**What is required**:
Only the lines below starting at the one containing "Beige & black flats" and ending at the one containing "Lidia Sequin Cocktail" belong in the answer, each copied exactly.

[[ Material to process, beginning ]]

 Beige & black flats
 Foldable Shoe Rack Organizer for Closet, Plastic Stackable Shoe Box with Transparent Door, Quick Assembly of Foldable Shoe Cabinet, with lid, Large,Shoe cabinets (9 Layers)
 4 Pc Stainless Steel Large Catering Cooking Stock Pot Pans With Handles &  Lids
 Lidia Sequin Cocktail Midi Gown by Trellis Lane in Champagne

[[ Material to process, end ]]
[[ Material to process, beginning ]]

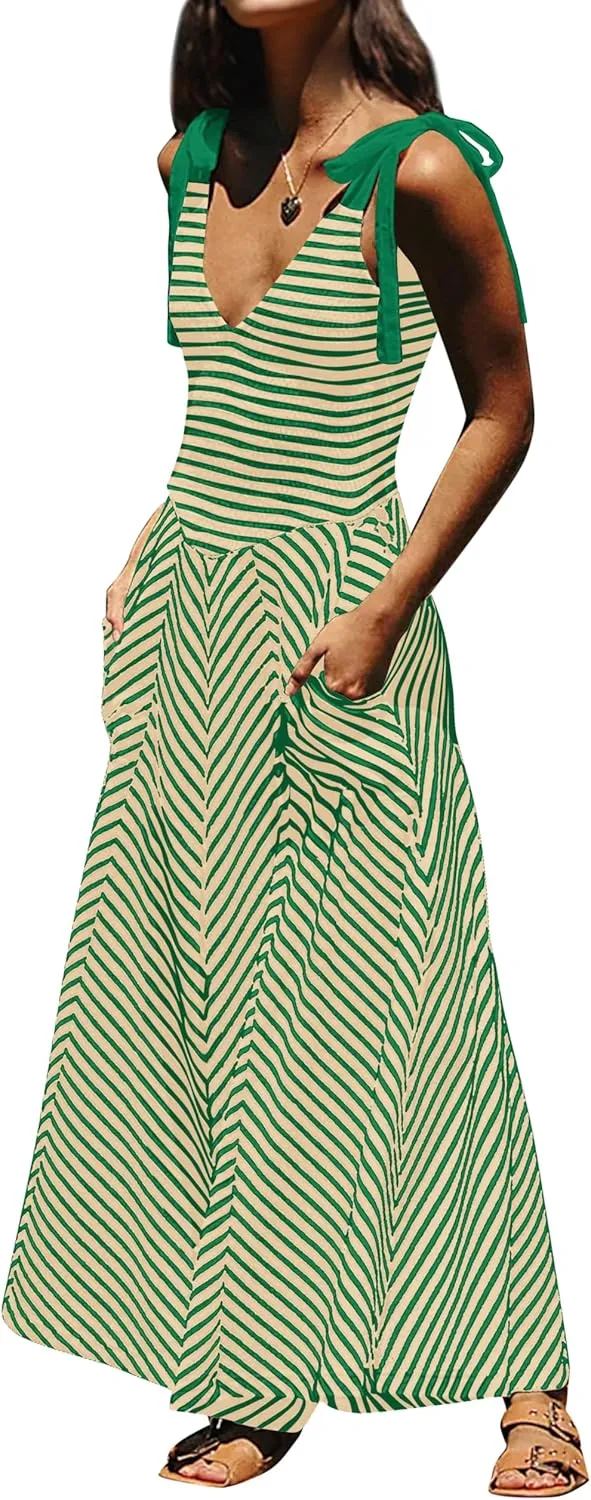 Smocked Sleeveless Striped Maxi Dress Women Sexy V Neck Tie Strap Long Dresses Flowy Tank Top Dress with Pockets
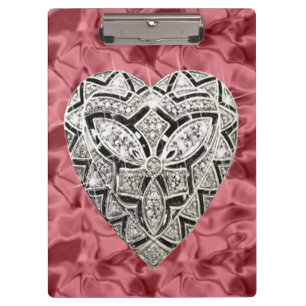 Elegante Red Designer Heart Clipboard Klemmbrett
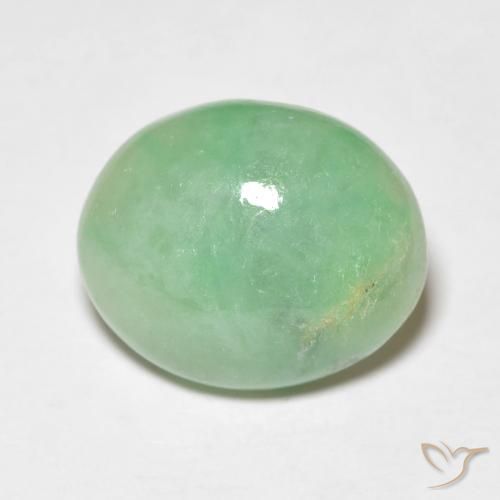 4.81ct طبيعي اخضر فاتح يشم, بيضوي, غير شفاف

[[ Material to process, end ]]

**Solution to this problem**:
 Beige & black flats
 Foldable Shoe Rack Organizer for Closet, Plastic Stackable Shoe Box with Transparent Door, Quick Assembly of Foldable Shoe Cabinet, with lid, Large,Shoe cabinets (9 Layers)
 4 Pc Stainless Steel Large Catering Cooking Stock Pot Pans With Handles &  Lids
 Lidia Sequin Cocktail Midi Gown by Trellis Lane in Champagne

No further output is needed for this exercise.